Nearly every morning, over our breakfast coffee, we watch one of the TV network news programs. We enjoy beginning the day knowing the latest news and many of the interviews give us interesting and valuable insights. As we watch, however, we are bombarded with scores of commercials for products we neither need nor want.

Auto dealers, furniture stores, personal injury lawyers, banks, loan companies, cosmetic companies and their anti-aging compounds, dog food companies, drug companies, grocery stores, hardware stores, department stores and their latest sales, personal products and gimmicks all find their way into our home uninvited.

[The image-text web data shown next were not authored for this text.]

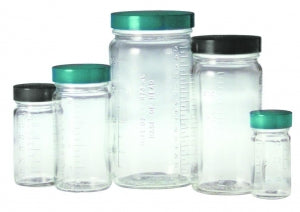 Qorpak Clear Graduated Medium Round BTLS W/Phenolic Rubber Cap - BOTTLE, BOTTLE BEAKER, RBR CAP, CLR, 1OZ - GLC-01455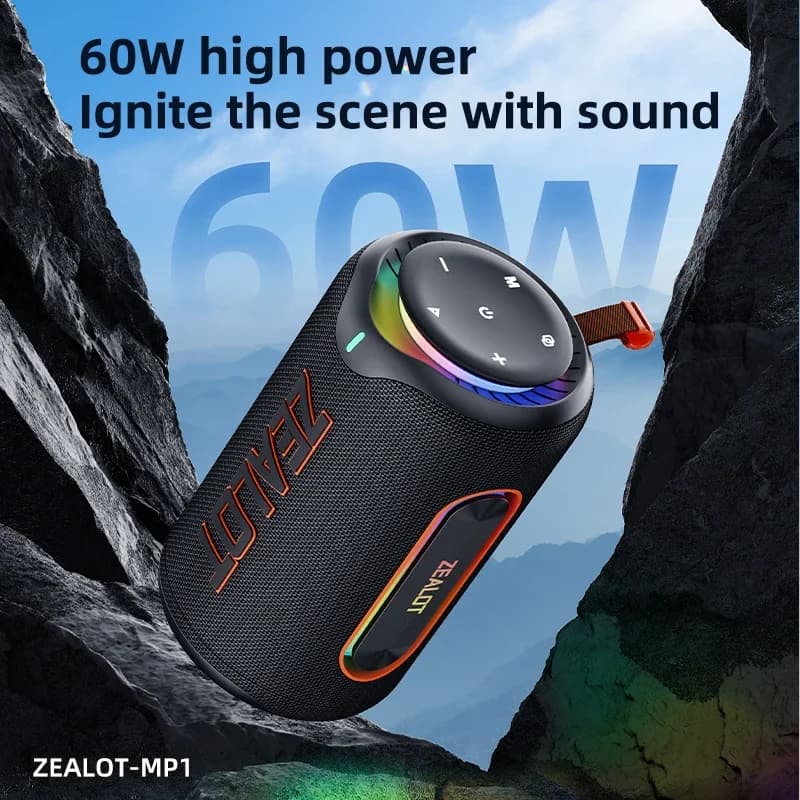 ZEALOT-MP1 Altoparlante Bluetooth portatile Altoparlante esterno da 60 W Bluetooth 5.4 con IPX6 impermeabile, 10 ore di riproduzione, per escursioni in campeggio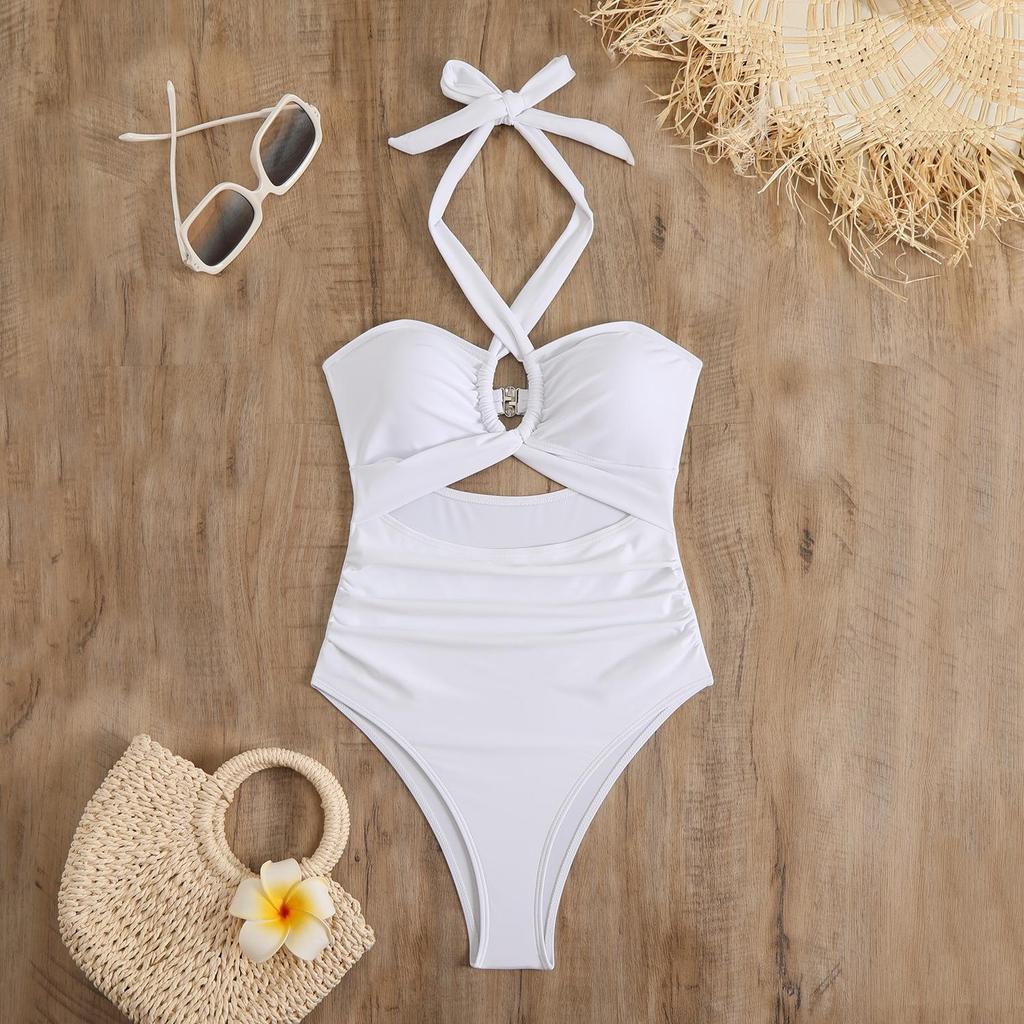 2025 European & American Sexy Tie-up One-piece Swimsuit Bikini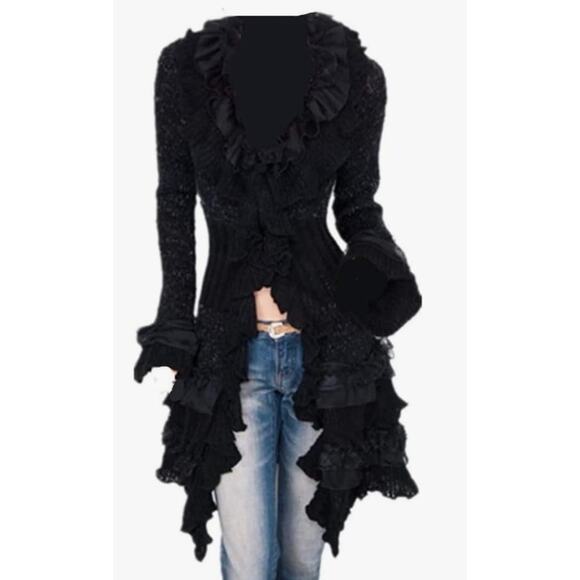 Carmen by Dance in Brazil Victorian Gothic Witchy Open Front Knit Sweater, OSFM - Picture 1 of 12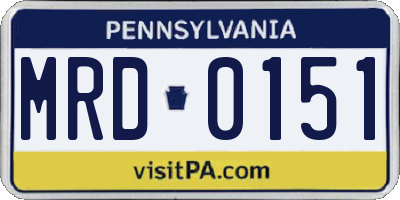 PA license plate MRD0151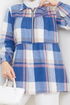 Zippered Plaid Tunic Blue EFS1931 - Thumbnail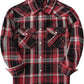 Boys' Western Plaid Long-Sleeve Pearl-Snap Shirt - Black Red - front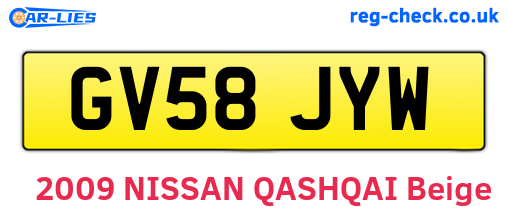 GV58JYW are the vehicle registration plates.
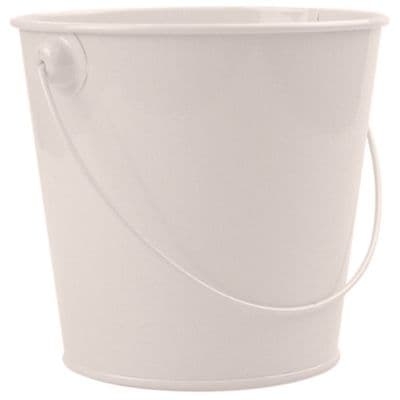 Small 13cm Cream Metal Bucket Plant Pot with Handle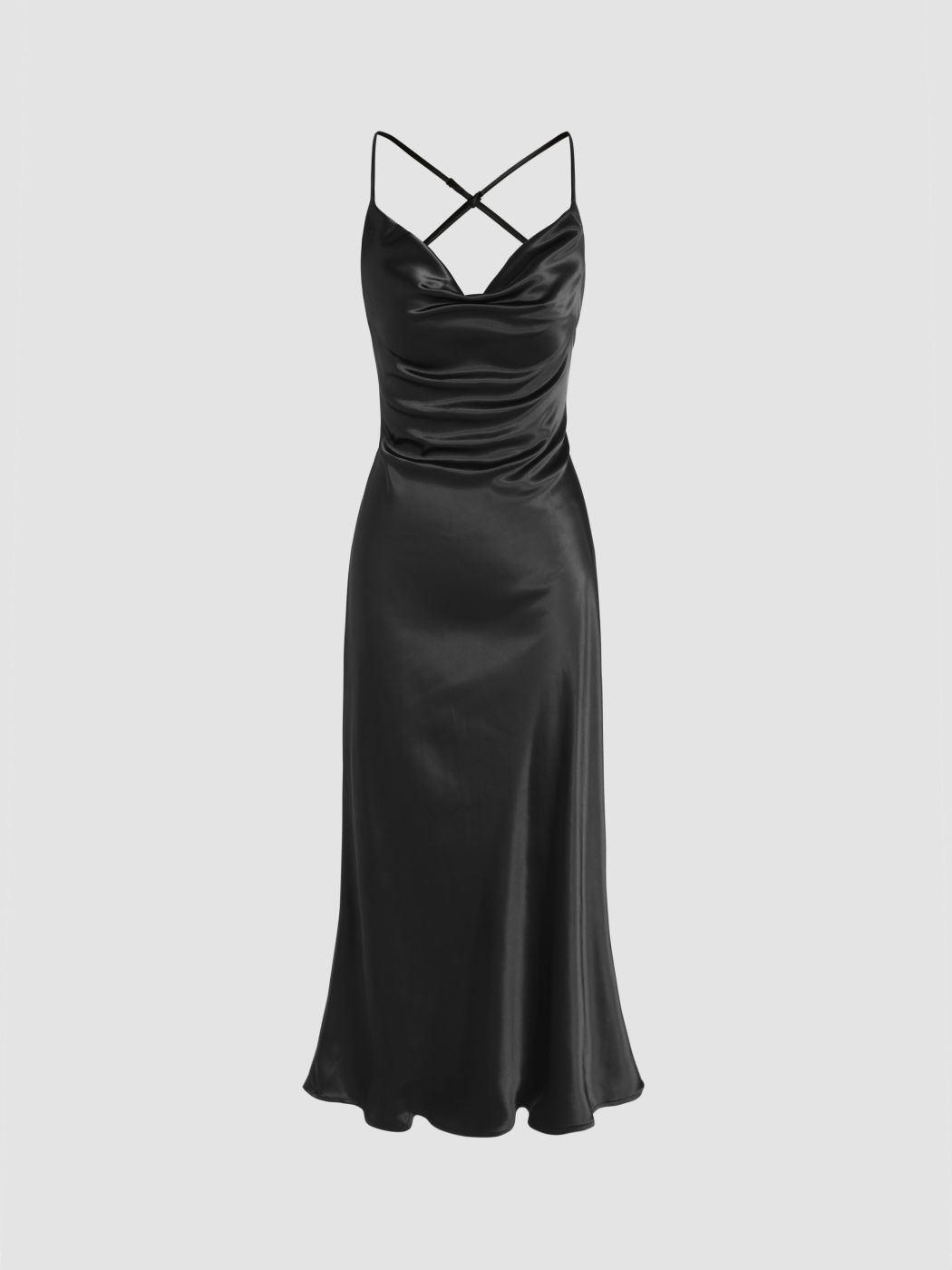 Satin Satin Cowl Neck Sleeveless Mermaid Midi Dress For Date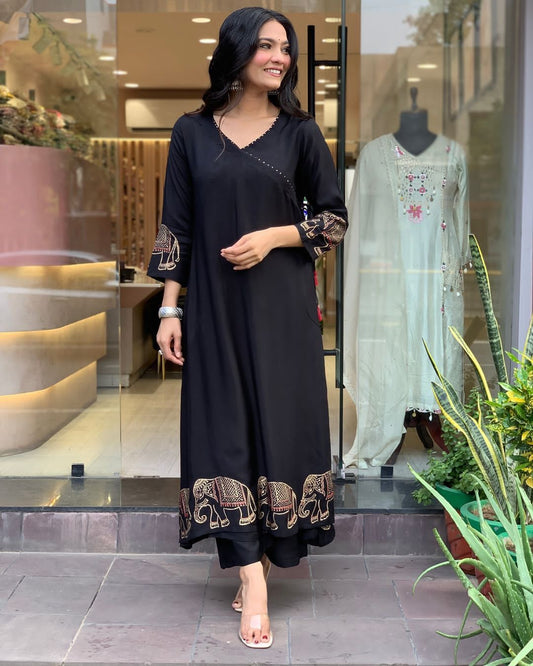 Readymade black salwar kameez suit Indian wedding dress stitched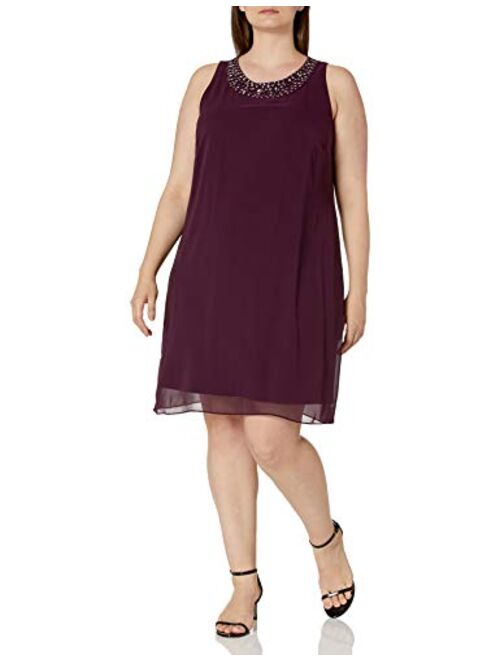 S.L. Fashions Women's Plus Size Chiffon Tier Jacket Dress with Bead Neck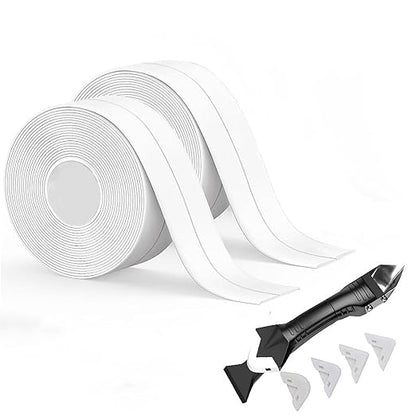 White Caulk Tape Waterproof Self Adhesive, Caulking Tape, Sealer Strip for Bathroom, Toilet Base, Shower, Bathtub, Sink, Countertop Edge Protector, Easy to Use with Silicone Caulking Tool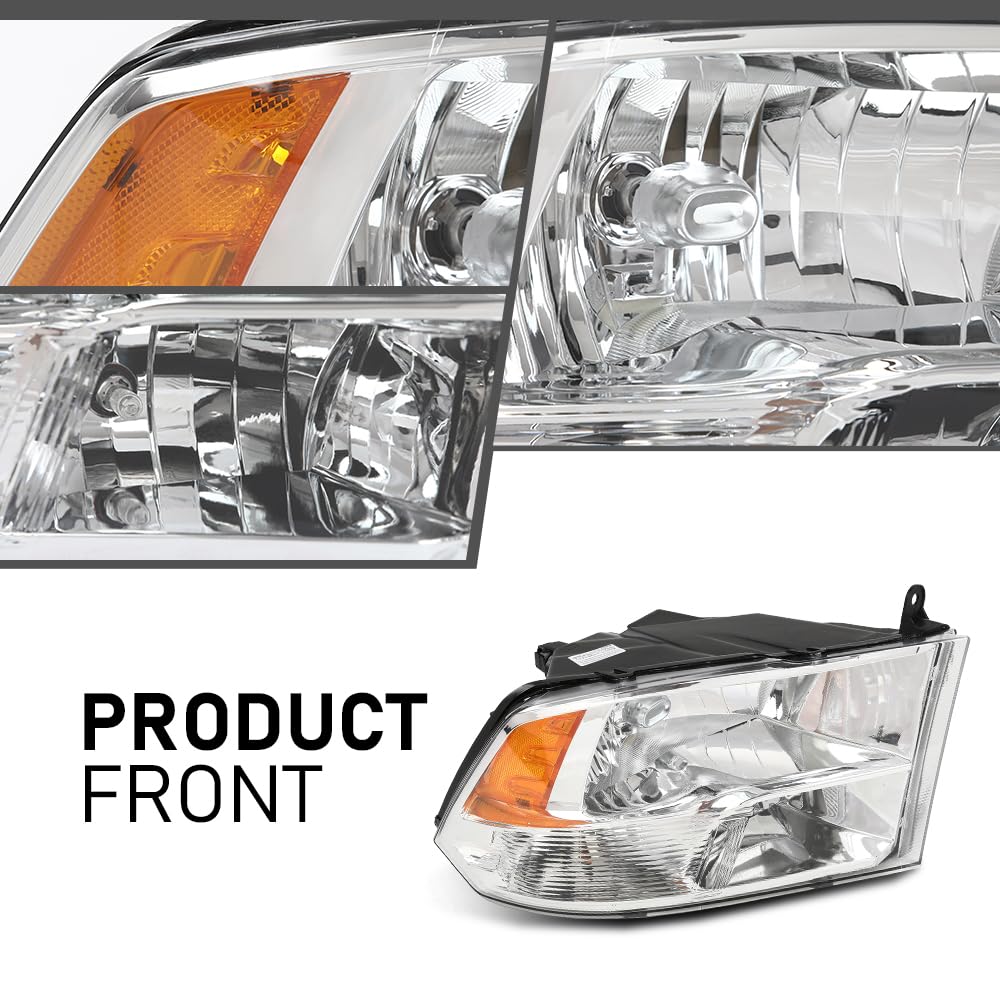 G-PLUS Headlights Assembly Front Headlamp Right without Bulbs Fit Dodge Ram 1500 2500 3500 2009-2018 Factory Bumper Headlamps,faros delanteros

Then they proceed to abuse our civility by increasing the volume of their sales pitch that ranges from presumptuous through stupid to downright offensive.

Surely, I think, as I try to tune out those commercials, there must be a better basis upon which to build a society than consumerism. Most of us have accumulated so much stuff we don’t know what to do with it all. Many of us have to rent locker space in which to store some of it, or, worse yet, build a bigger house to hold it all. Possessions, like rabbits, multiply and the urge to accumulate stuff becomes a subtle addiction fed by hours of print and media advertising.

On the TV news in the evening we often see pictures of persons caught in situations of political chaos or the violence of warfare. Often to save their lives, safeguard their families, or preserve valuable freedoms they must grab the few belongings they can carry and flee from their homes. They have become refugees, forced to leave their community or their country and travel in search of a place of safety and refuge.

It is the nature of warfare to uproot civilians, sending them running for their lives. They flee into neighboring nations or places of hiding within their own homeland. Political upheavals, too, can create refugees. Thousands of European citizens of Jewish ancestry became refugees from countries overrun by Hitler’s Third Reich. Boatloads of Cubans sought refuge outside of their homeland when Fidel Castro assumed political leadership of their island nation.

I thank God daily that I cannot personally identify with the terrors of warfare or political chaos. I have not faced the loss of vital freedoms nor had to fear for my physical safety. But I am deeply troubled by the spiritual threat of drowning in the sea of materialism that is sweeping over my nation.

Have goods become a powerful new god? Is buying stuff more important than building relationships? Fueled by advertising, accumulation is replacing character and driving us all into both spiritual and financial poverty.

Perhaps that is why we’ve chosen our current unconventional lifestyle. Carrying only what we need, we are fleeing the tyranny of things in our native country of clutter. Instead, we are seeking the way of wisdom to the land of learning. We’ve traded luxury linens for language lessons; a second car for bicycles; sterling silver for symphony tickets; haute couture for hikes in the woods; watching bank accounts for watching birds; a big screen TV for books and more books; electronic gadgets for eloquent solitude. You see, we are refugees; refugees from materialism!